Embeddings
Generate high-dimensional vector representations for semantic search, RAG, and clustering with single and batch embedding operations.
Table of contents
Embeddings are vector representations of text used for semantic search, clustering, and similarity comparisons. `NodeLLM` provides a unified interface for generating embeddings across different providers.
Basic Usage
Single Text
import { createLLM } from "@node-llm/core";
const embedding = await NodeLLM.embed("Ruby is a programmer's best friend");
console.log(embedding.vector); // number[] (e.g., 1536 dimensions)
console.log(embedding.dimensions); // 1536
console.log(embedding.model); // "text-embedding-3-small" (default)

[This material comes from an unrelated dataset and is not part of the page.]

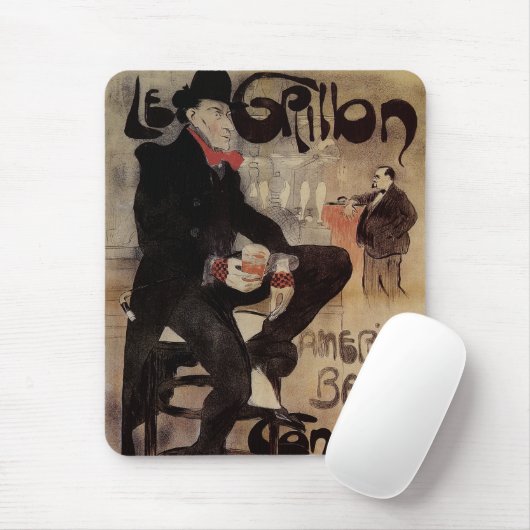  Kunst Nouveau Grillon, Man Drink bier Muismat (Met muis)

console.log(embedding.input_tokens); // Token count
Batch Embeddings
Always batch multiple texts in a single call when possible. This is much more efficient than calling embed in a loop.
const embeddings = await NodeLLM.embed(["First text", "Second text", "Third text"]);
console.log(embeddings.vectors.length); // 3
console.log(embeddings.vectors[0]); // Vector for "First text"
Configuring Models
By default, NodeLLM uses text-embedding-3-small. You can change this globally or per request.
Global Configuration
const llm = createLLM({
defaultEmbeddingModel: "text-embedding-3-large"
});
Per-Request
const embedding = await NodeLLM.embed("Text", {
model: "text-embedding-004" // Google Gemini model
});
Custom Models
For models not in the registry (e.g., Azure deployments or new releases), use assumeModelExists.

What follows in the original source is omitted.